If an emerging growth company, indicate by check mark if the registrant has elected not to use the extended transition period for complying with any new or revised financial accounting standards provided pursuant to Section 13(a) of the Exchange Act. ☐





Item 2.02 Results of Operations and Financial Condition.

On January 7, 2026, AZZ Inc. ("AZZ") issued a press release reporting AZZ’s third quarter financial results for the period ended November 30, 2025. A copy of this press release is attached hereto as Exhibit 99.1 and incorporated herein by reference.

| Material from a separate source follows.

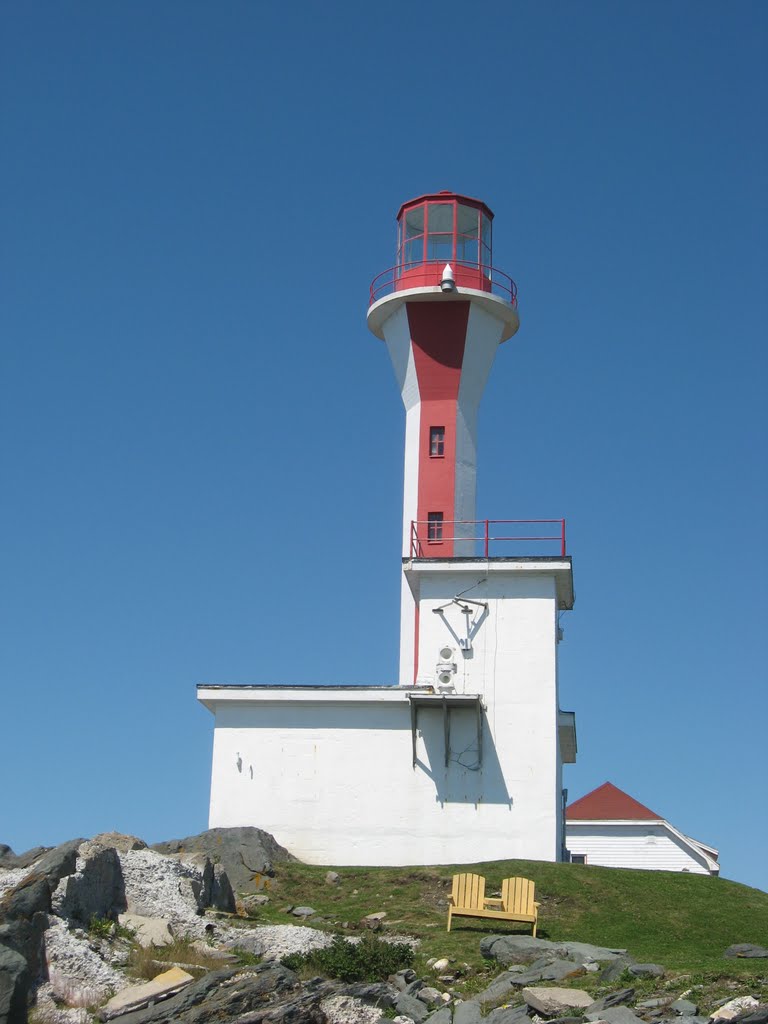 Le phare du cap Fourchu by Bog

The information in this Item 2.02 (including Exhibit 99.1) is being furnished and shall not be deemed to be filed for purposes of Section 18 of the Securities Exchange Act of 1934, as amended, or subject to the liabilities of that Section or Sections 11 and 12(a)(2) of the Securities Act of 1933, as amended. Nor shall the information in this Current Report be incorporated by reference in any other filing with the U.S. Securities and Exchange Commission made by AZZ, whether made before or after the date hereof, unless specifically identified therein as being incorporated therein by reference in such filing.

Item 9.01 Financial Statements and Exhibits.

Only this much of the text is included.